(Short text fragments from websites)
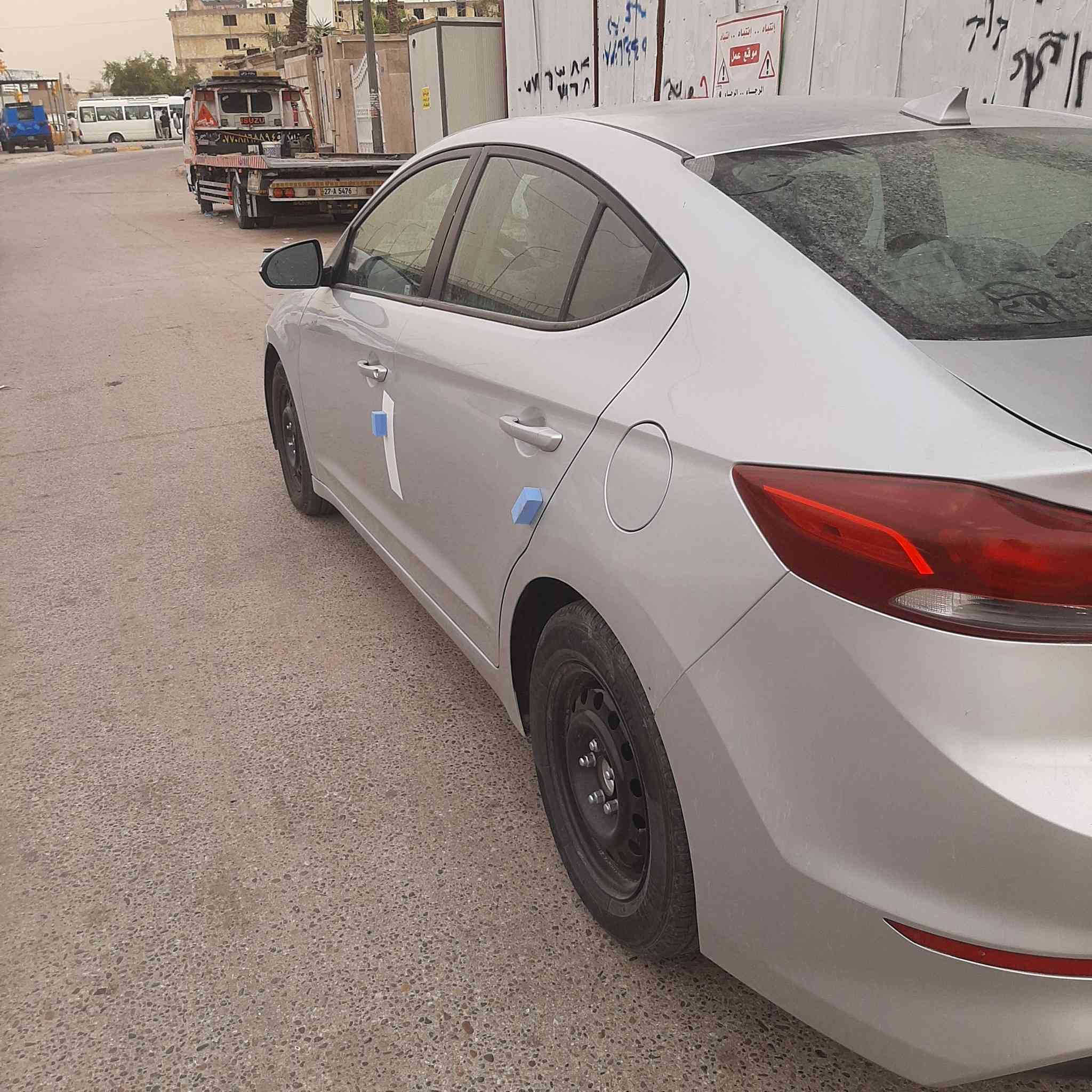النترا موديل 2017 اربيل الدولي ابو السنويه يسكن بغداد وارد امريكي صبغ بنيد     ونص قبق الجنطه شرط بدون  دواخل ارباكات سليمه باقي السياره مكفوله من الصبغ والتبديل بيها مكانات بارد والسونار موجود عالخاص المحرك والكير والتبريد على وضع الشركه صدر امامي خلفي غرفتها جديده ماشيه125الف مكانها بغداد حي القاهره السعر 117  ورقه للاتصال ***********
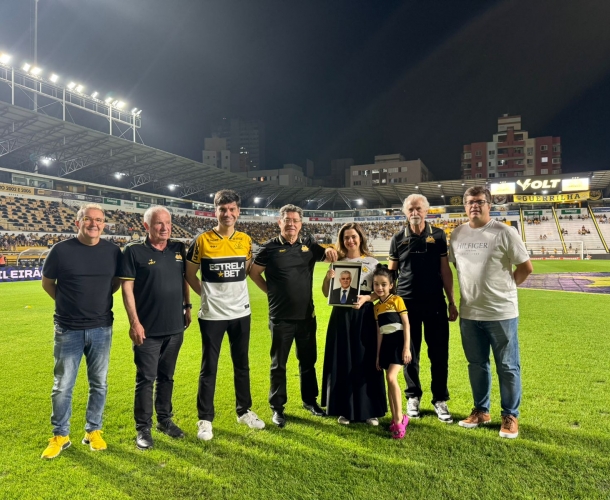 Criciúma homenageia Lussa Librelato, em jogo contra o Athletico-PR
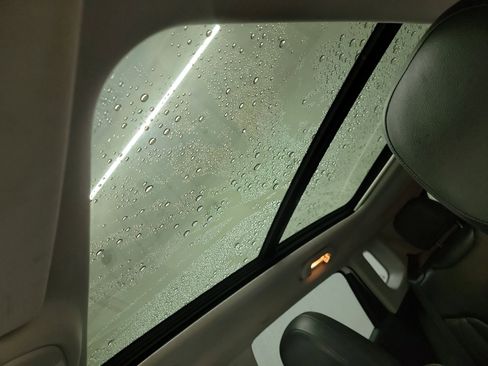 Used 2018 Jeep Compass Limited w/ Navigation Group image 12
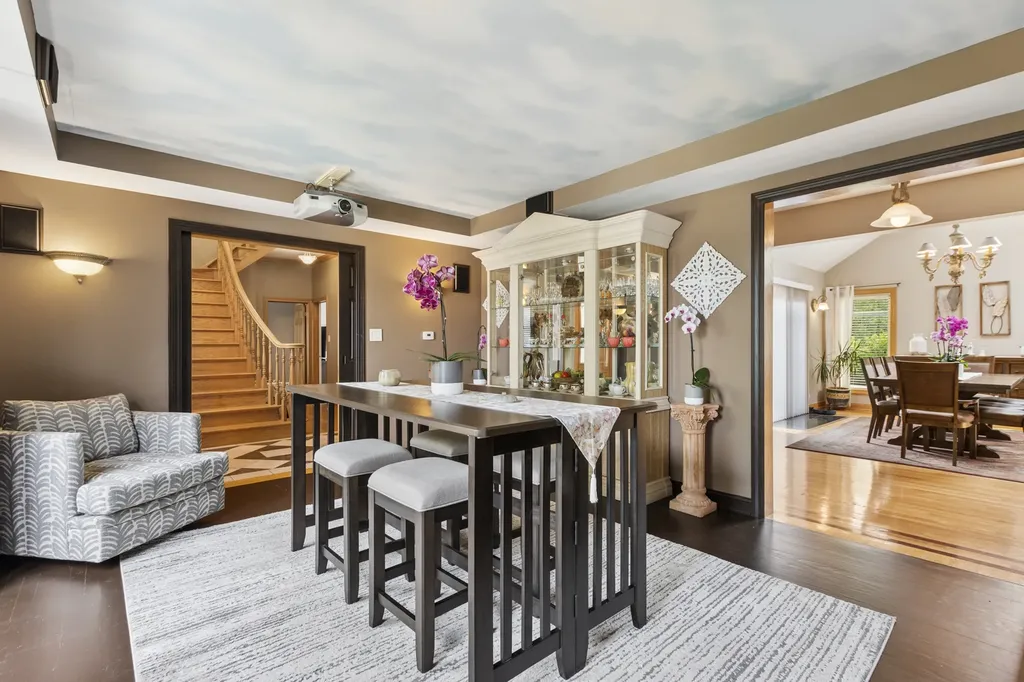 7911 West Rascher Avenue Chicago IL 60656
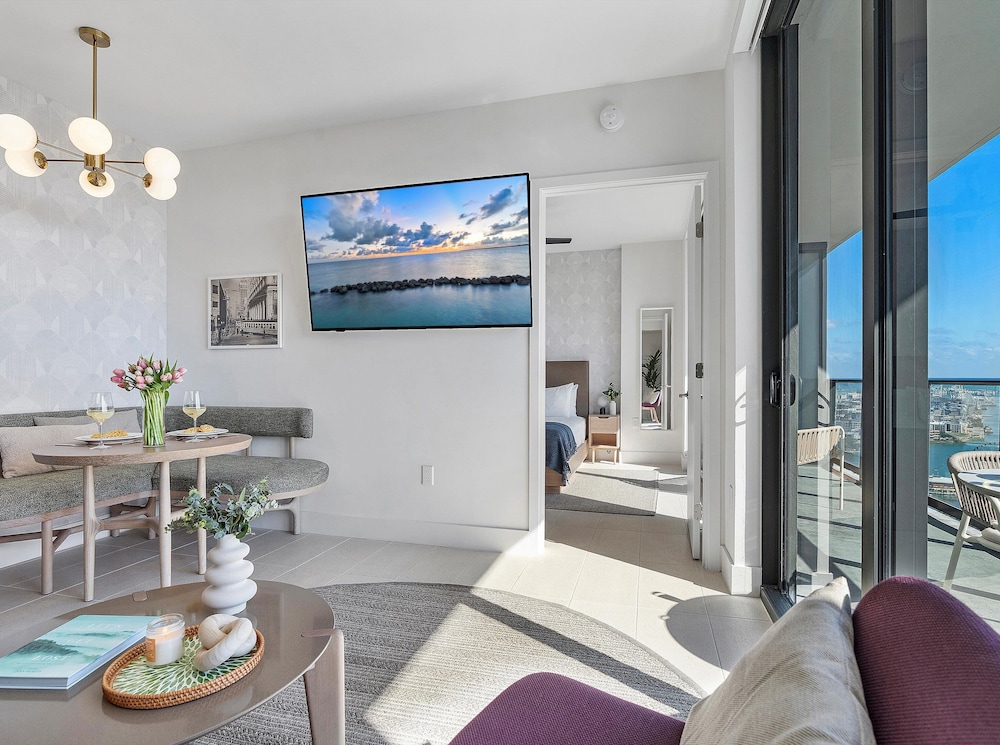 Miami Vacation rentals -Downtown Natiivo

TRY IT: Repeat the data above in full and exactly. Omit every image.

EXERCISE OUTPUT:
النترا موديل 2017 اربيل الدولي ابو السنويه يسكن بغداد وارد امريكي صبغ بنيد     ونص قبق الجنطه شرط بدون  دواخل ارباكات سليمه باقي السياره مكفوله من الصبغ والتبديل بيها مكانات بارد والسونار موجود عالخاص المحرك والكير والتبريد على وضع الشركه صدر امامي خلفي غرفتها جديده ماشيه125الف مكانها بغداد حي القاهره السعر 117  ورقه للاتصال ***********
 Criciúma homenageia Lussa Librelato, em jogo contra o Athletico-PR
 Used 2018 Jeep Compass Limited w/ Navigation Group image 12
 7911 West Rascher Avenue Chicago IL 60656
 Miami Vacation rentals -Downtown Natiivo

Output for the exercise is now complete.